Is A Shrinking Population A Problem We Can’t Reverse?

While at the time of this writing, the population of the world continues to expand, demographers believe this is not a situation that will last for much longer. Indeed, the UN believes that by the 22nd century, the global population will first stabilize, and then begin shrinking.

This will be the first time in history in which the global population hasn’t been rising, and it will have a profound impact on society and on politics. Indeed, we may even need to rethink our predisposition towards continuous economic growth.

Shifting sands

A recent paper from Stanford explores a scenario in which the population of the planet declines all the way to the point where we’re left with no inhabitants on the planet. It’s a world in which living standards stagnate as the population dwindles.

What is perhaps most interesting about the paper is that the author doesn’t believe there to be much of a middle ground between one of population expansion and one of a shrinking population. They argue that once negative population growth begins it’s very hard to reverse.

While we often view population in a negative sense, with the large global population characterized by a fundamental lack of resources to go around, the author suggests that a large population is actually crucial for the generation of the new ideas that generate economic growth.

“People are the key input into producing ideas,” they explain. “Suppose each person can make one idea a year. If the population’s constant, you always get more ideas and things always get better and better; we get richer and richer. If population growth is negative, the inputs to creating new ideas are shrinking, and that naturally leads the stock of knowledge to stagnate.”

The population paradox

We’re living in a somewhat ironic situation whereby the growing population thus far has generated the ideas, and therefore the economic growth, that has prompted a decline in the current birth rate.

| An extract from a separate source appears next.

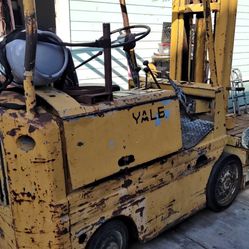 Yale Forklift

“As people get richer as economies get more prosperous, it seems like people have fewer and fewer kids,” the author explains. “From an individual family standpoint, that may be totally rational and may be the right thing to do, but the macro implications of that are really profound.”

Around two-thirds of the global population currently lives in a country that has a fertility rate below the recognized replacement rate of 2 children per woman. The author believes that any attempts to raise this birth rate have to be initiated in time to halt a decline that is impossible to recover from.